If you find this project helpful, please cite

@inproceedings{zha2022automated,
      title={Towards Automated Imbalanced Learning with Deep Hierarchical Reinforcement Learning}, 
      author={Daochen Zha and Kwei-Herng Lai and Qiaoyu Tan and Sirui Ding and Na Zou and Xia Hu},
      booktitle={CIKM},
      year={2022},
}

Installation

Make sure that you have Python 3.6+ installed. Install with

pip3 install -r requirements.txt
pip3 install -e .

Datasets

You don't need to mannually download datasets.

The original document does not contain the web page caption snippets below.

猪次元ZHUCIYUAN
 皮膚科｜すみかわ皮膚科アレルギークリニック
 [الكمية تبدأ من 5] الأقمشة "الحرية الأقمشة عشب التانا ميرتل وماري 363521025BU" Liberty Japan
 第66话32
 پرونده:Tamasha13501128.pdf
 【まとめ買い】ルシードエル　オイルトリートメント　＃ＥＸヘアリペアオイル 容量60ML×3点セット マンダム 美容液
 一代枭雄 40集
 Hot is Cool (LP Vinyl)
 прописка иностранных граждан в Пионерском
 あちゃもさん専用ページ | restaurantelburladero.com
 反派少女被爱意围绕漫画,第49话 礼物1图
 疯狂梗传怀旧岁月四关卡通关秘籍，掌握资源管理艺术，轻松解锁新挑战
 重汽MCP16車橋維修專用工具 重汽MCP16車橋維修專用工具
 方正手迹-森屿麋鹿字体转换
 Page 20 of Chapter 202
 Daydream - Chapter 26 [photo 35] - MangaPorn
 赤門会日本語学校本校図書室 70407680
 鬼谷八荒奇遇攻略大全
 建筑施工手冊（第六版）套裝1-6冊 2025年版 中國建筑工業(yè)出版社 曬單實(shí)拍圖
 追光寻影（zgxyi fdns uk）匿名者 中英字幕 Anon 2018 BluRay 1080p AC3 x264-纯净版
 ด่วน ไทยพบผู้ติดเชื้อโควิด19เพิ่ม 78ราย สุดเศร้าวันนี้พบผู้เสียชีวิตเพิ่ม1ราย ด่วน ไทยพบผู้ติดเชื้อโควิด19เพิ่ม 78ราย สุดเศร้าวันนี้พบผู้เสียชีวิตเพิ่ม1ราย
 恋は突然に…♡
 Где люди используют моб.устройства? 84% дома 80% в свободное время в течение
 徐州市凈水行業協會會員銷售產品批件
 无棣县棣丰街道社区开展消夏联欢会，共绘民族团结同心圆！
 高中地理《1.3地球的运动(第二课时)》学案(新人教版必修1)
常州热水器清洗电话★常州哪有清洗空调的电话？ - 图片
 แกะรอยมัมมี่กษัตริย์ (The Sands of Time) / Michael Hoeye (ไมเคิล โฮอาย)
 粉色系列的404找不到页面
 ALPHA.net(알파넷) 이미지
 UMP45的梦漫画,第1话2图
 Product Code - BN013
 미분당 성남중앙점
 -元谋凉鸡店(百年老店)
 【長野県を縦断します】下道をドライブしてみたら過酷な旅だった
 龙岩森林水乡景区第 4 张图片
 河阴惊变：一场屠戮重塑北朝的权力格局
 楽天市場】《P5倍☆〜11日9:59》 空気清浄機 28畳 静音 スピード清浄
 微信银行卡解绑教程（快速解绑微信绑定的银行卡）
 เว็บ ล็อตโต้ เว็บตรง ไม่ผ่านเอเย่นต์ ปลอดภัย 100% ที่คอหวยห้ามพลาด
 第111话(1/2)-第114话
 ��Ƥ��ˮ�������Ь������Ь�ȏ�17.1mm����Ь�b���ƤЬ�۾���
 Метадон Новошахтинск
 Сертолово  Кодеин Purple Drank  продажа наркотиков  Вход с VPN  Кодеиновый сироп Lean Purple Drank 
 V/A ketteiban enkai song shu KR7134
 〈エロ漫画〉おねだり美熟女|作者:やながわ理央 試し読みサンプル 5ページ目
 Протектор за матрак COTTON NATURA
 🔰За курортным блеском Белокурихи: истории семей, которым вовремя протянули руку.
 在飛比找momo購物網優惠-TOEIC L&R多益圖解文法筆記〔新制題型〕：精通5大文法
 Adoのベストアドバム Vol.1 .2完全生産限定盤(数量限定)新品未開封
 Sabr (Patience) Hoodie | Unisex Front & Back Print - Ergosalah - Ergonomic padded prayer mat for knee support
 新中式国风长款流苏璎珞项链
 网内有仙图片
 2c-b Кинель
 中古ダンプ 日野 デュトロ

Just pass the dataset name, and it will be automatically downloaded.

Quick Start

Train on the Mozilla4 dataset with undersampling ratio of 100 and SVM as the base classifier:

python3 train.py

Important Arguments

You can run AutoSMOTE under different configurations. Some important arguments are listed below.

--dataset: which dataset to use
--clf: which base classifeir to use
--metric: which metric to use
--device: by default it trains with GPU. Train with CPU by passing cpu
--total_steps: search budget